- INSTRUCTIONS TO FOLLOW: Copy out the data from the line containing "copy ofcopy ofAbaya" to its last line, exactly. No pictures.

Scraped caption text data
^^^^^^^^^^^^^^^^
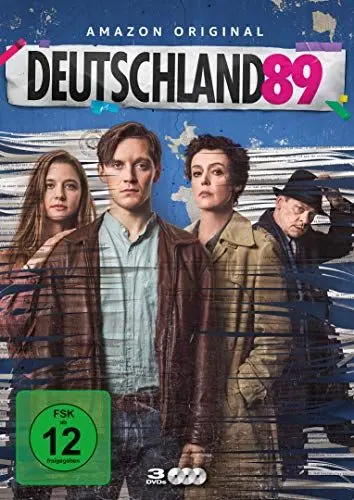 Produktbild: Deutschland 89 (3 DVDs)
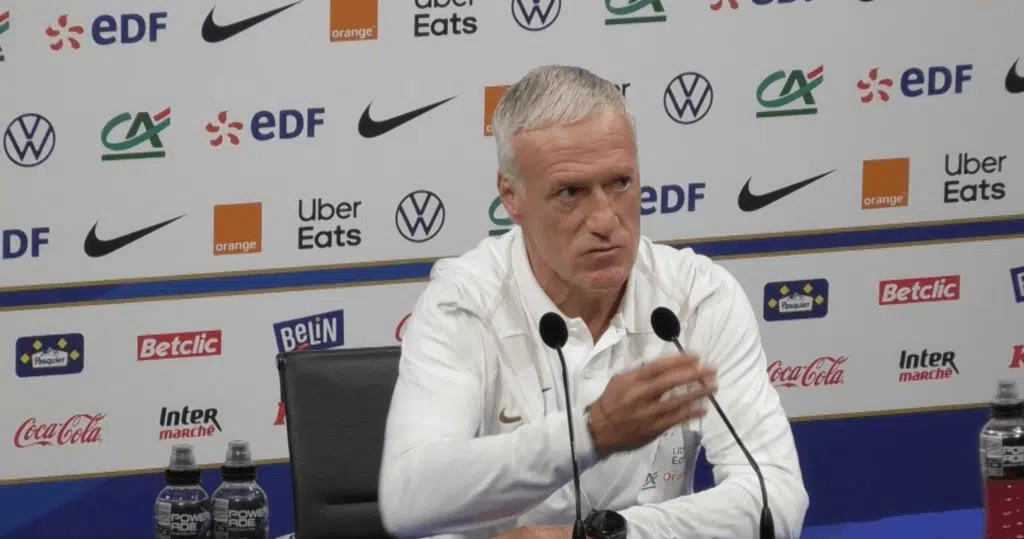 Foot équipe de France Didier Deschamps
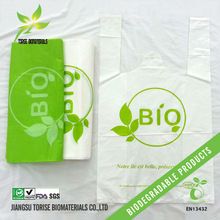 Biodegradable T-shirt bag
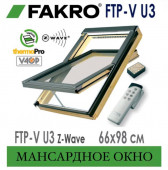 ���� � ����.����������� FAKRO FTP-V U3 Electro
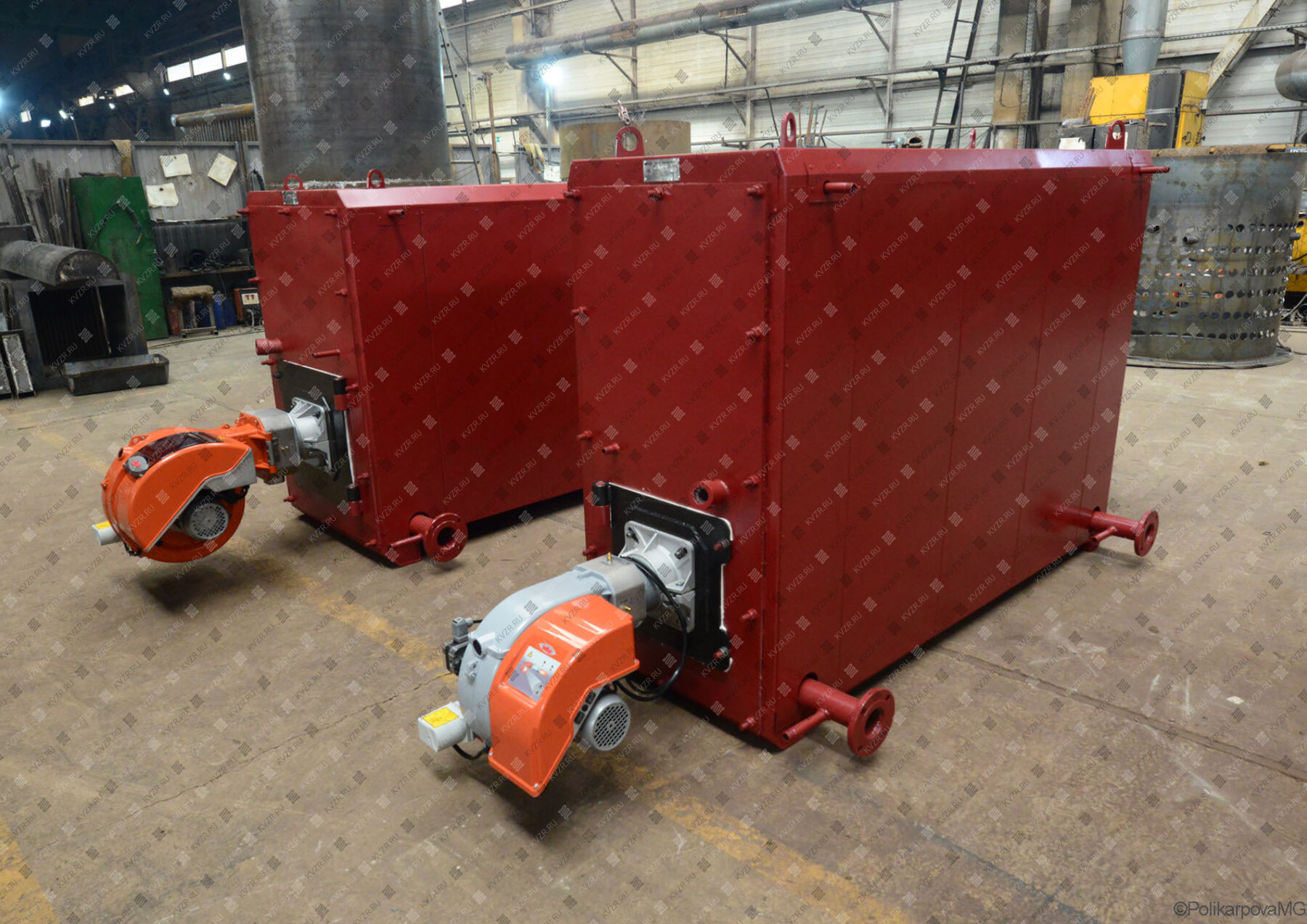 Газовый котел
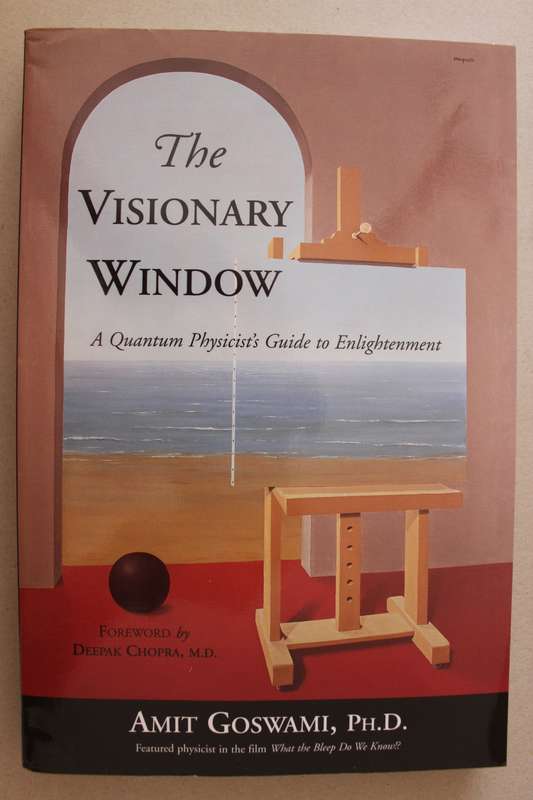 The Visionary Window: A Quantum Physicist`s Guide to Enlightenment
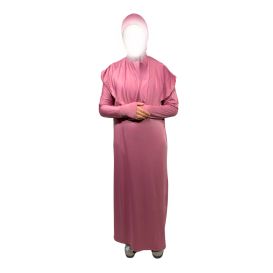 copy ofcopy ofAbaya Papillon - Noir - Microfibre Léger - Jamila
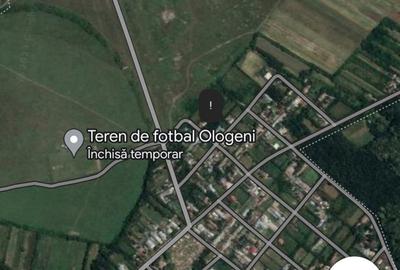 Teren de 1200 mp, în Ologeni - 1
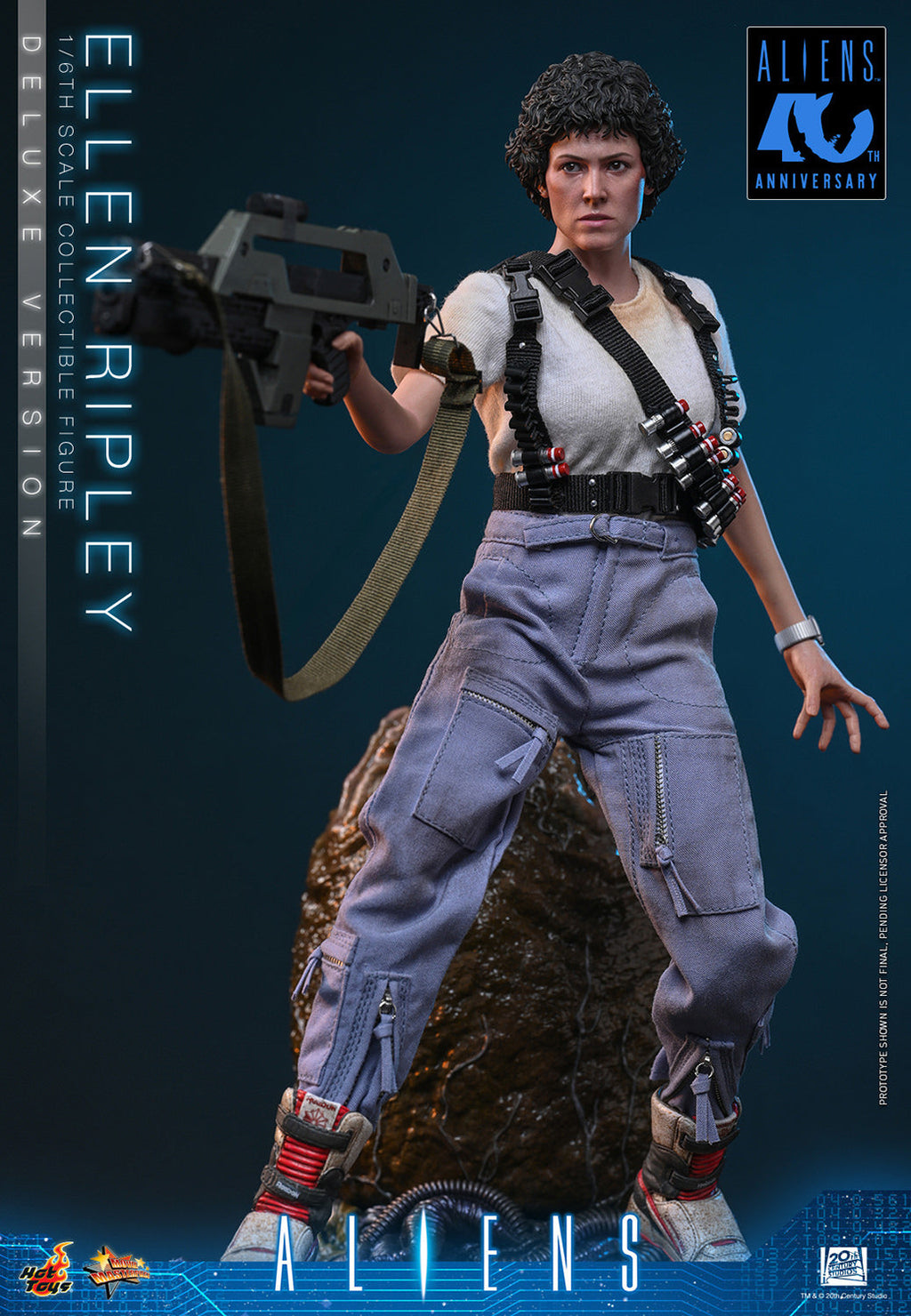 Aliens (1986): Ellen Ripley (Deluxe Version)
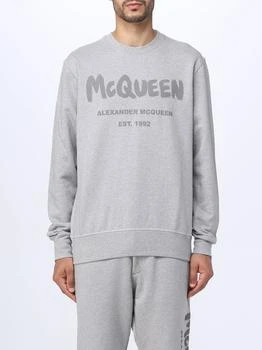 Alexander McQueen | Alexander McQueen cotton sweatshirt 6折起×额外9折, 额外九折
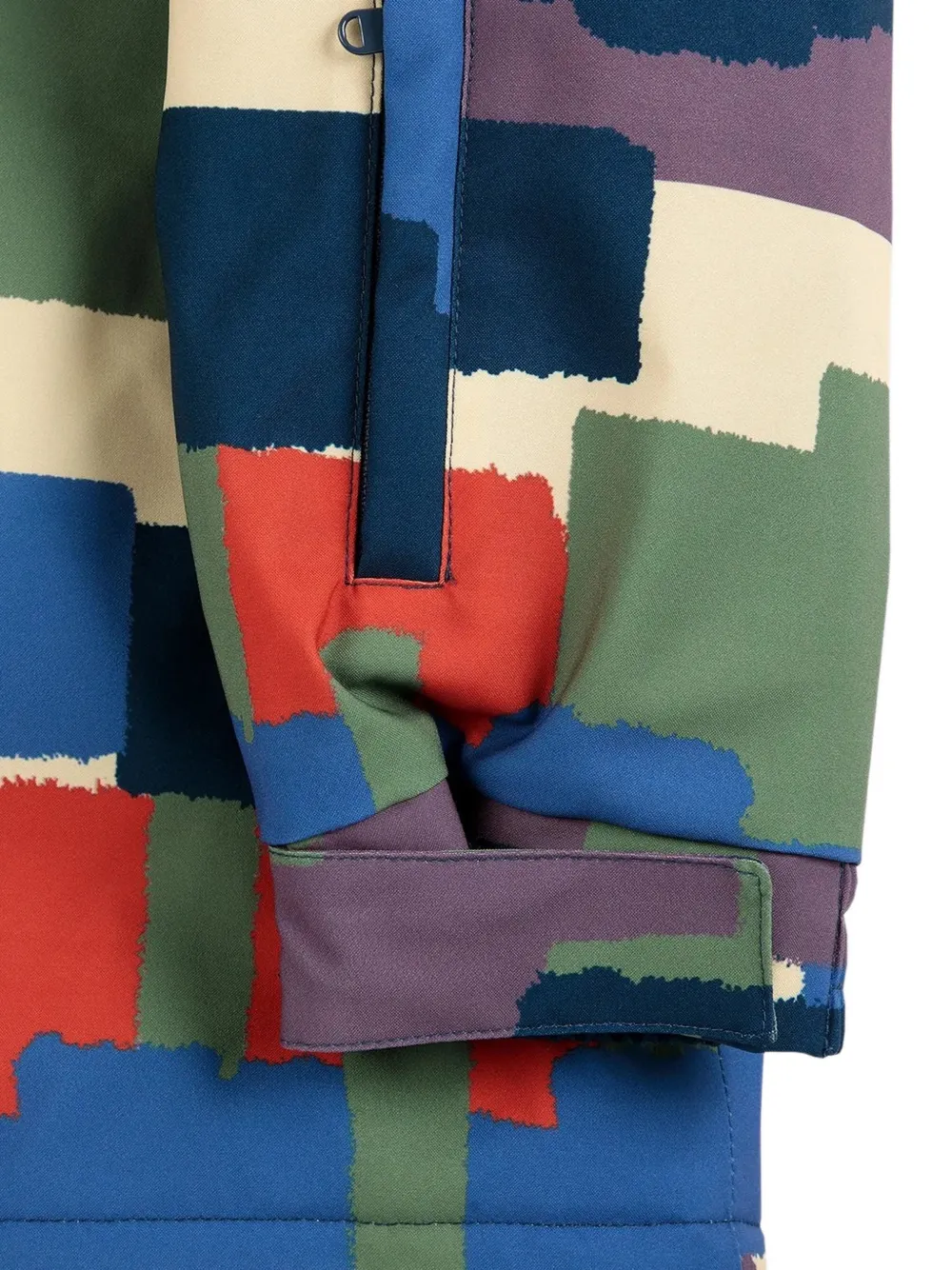 Bobo Choses Paint Forest ski-jack Blauw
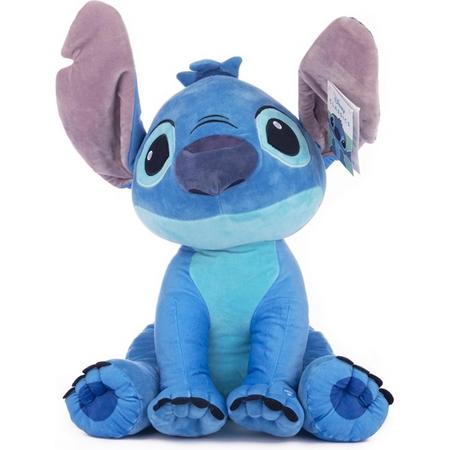 Disney Lilo & Stitch - Stitch Knuffel met Geluid 45cm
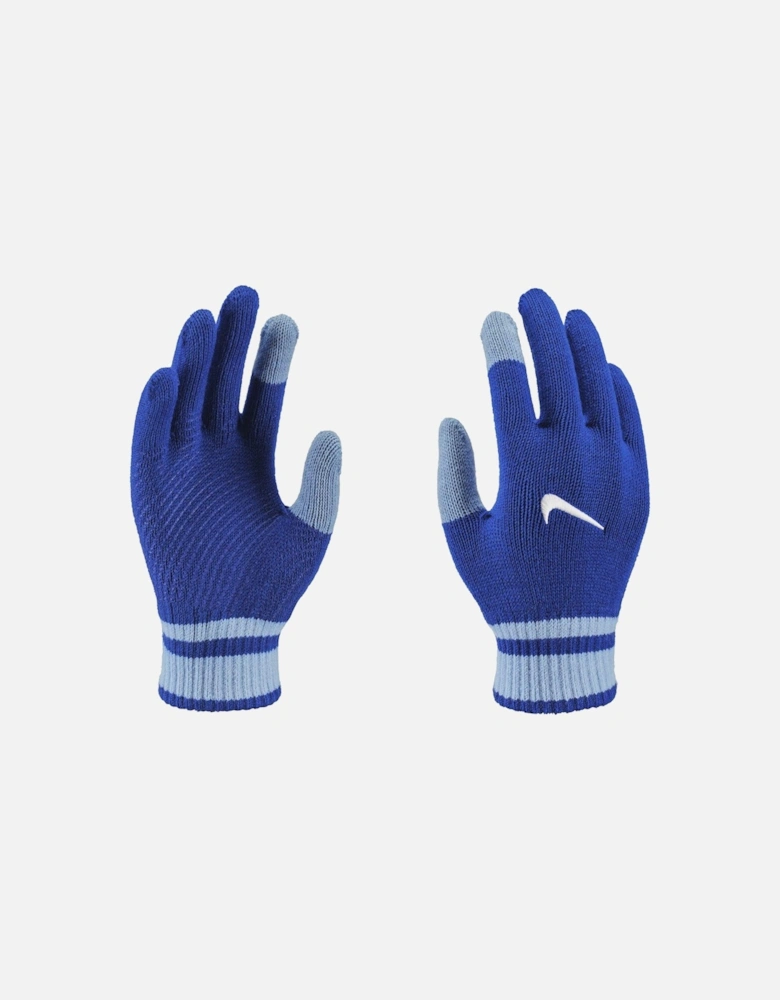 Mens Y Gripped Knitted Gloves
^^^^^^^^^^^^^^^^
- SOLUTION TO THE PROBLEM:
 copy ofcopy ofAbaya Papillon - Noir - Microfibre Léger - Jamila
 Teren de 1200 mp, în Ologeni - 1
 Aliens (1986): Ellen Ripley (Deluxe Version)
 Alexander McQueen | Alexander McQueen cotton sweatshirt 6折起×额外9折, 额外九折
 Bobo Choses Paint Forest ski-jack Blauw
 Disney Lilo & Stitch - Stitch Knuffel met Geluid 45cm
 Mens Y Gripped Knitted Gloves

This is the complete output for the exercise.